- Problem details -
Here the job is to print only the lines from the one containing "Pet Bottle Recycling Line" to the end of the entries, both included, exactly as they stand, with pictures excluded.

▬▬▬

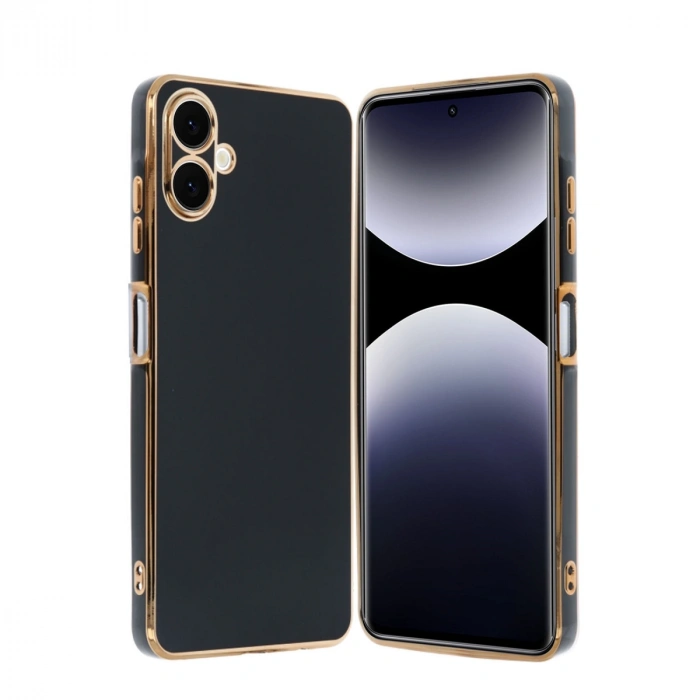 Samsung Galaxy A06 Kılıf Volet Silikon - Siyah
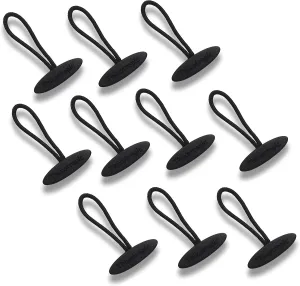 Zipper Pull Dressing Aid for The Disabled | Cold Weather Sport Gear (10 Pack)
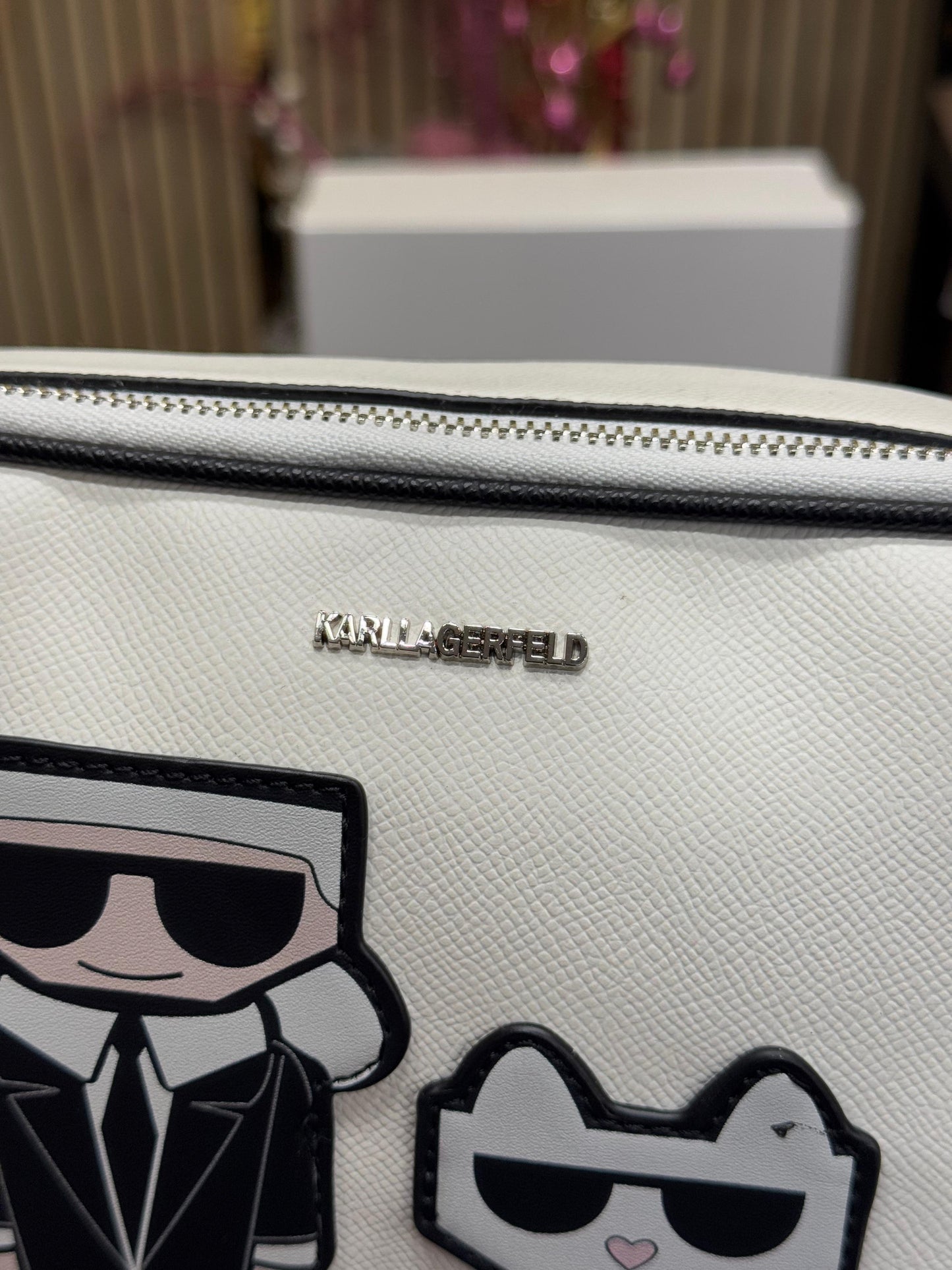 KAL LAGEELD PREMIUM SLING BAG WITH OG BOX Women BAG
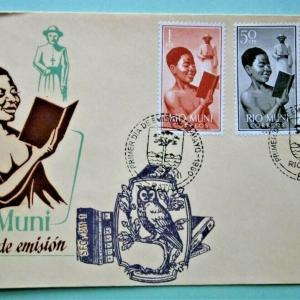 Photo of Africa - Rio Muni 1960 First Day of Issue Cover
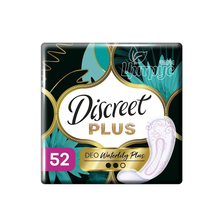 Прокладки щоденні жіночі Діскріт (Discreet) Плюс Део Вотер Лілі Плюс (Plus Deo Water Lily Plus) 52 штуки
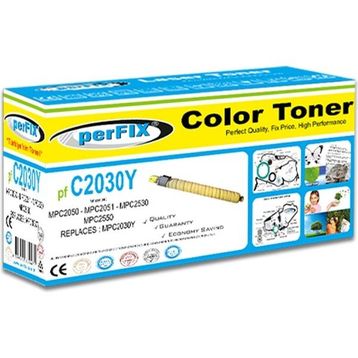 Perfix Afficio MPC2030 MPC2551 Sarı Toner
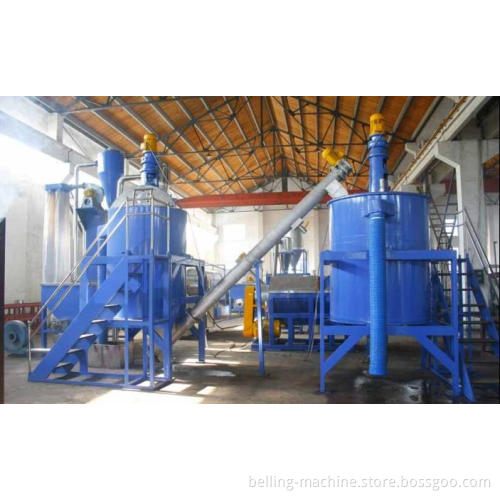 Pet Bottle Recycling Line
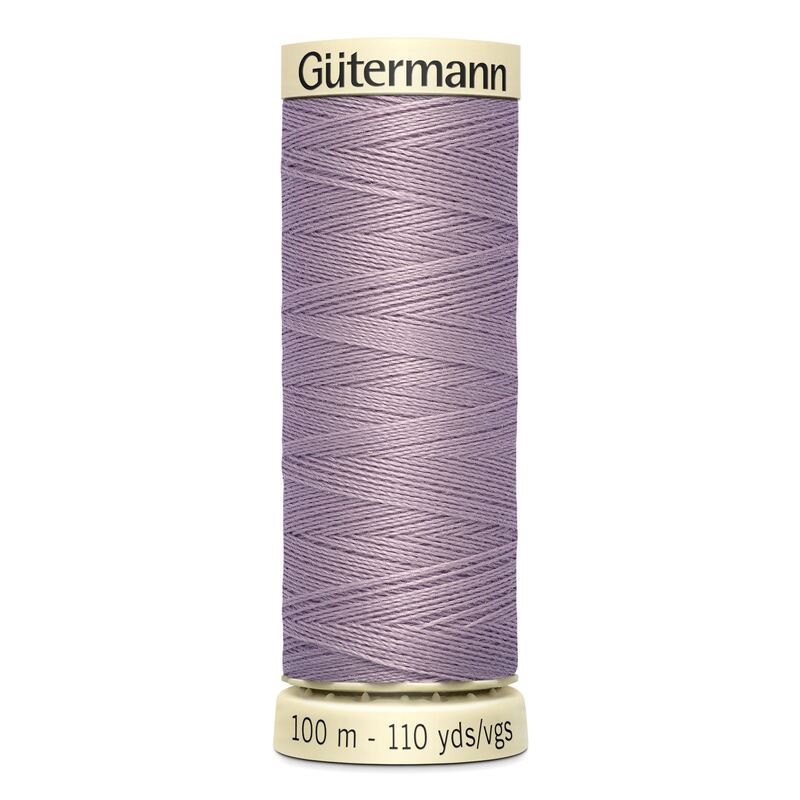 Gutermann Sew-all Thread 100m #125 DUSKY LAVENDER, 100% Polyester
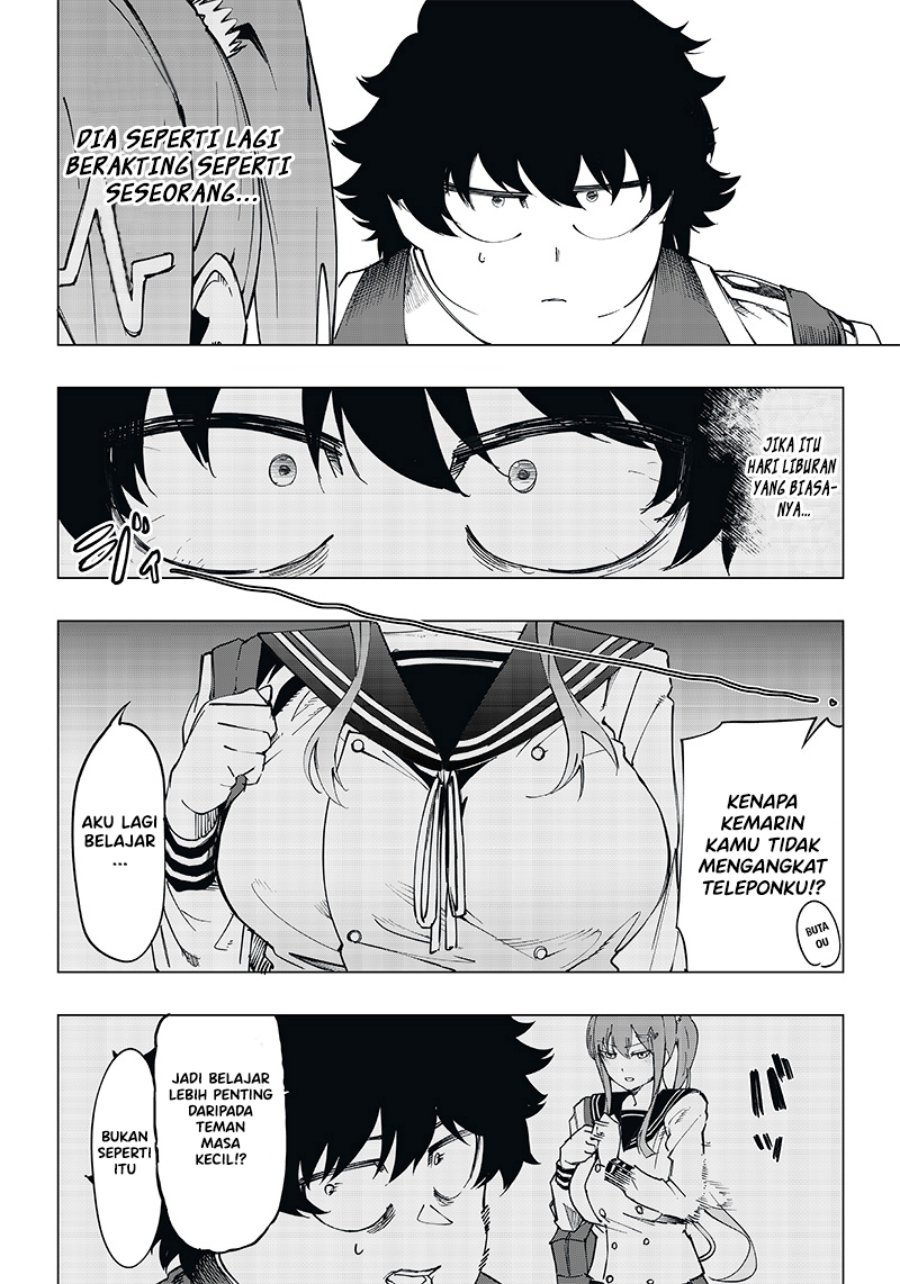 Saiaku no Avalon Chapter 8 page 7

▬▬▬

- Exercise solution -
 Pet Bottle Recycling Line
 Gutermann Sew-all Thread 100m #125 DUSKY LAVENDER, 100% Polyester
 Saiaku no Avalon Chapter 8 page 7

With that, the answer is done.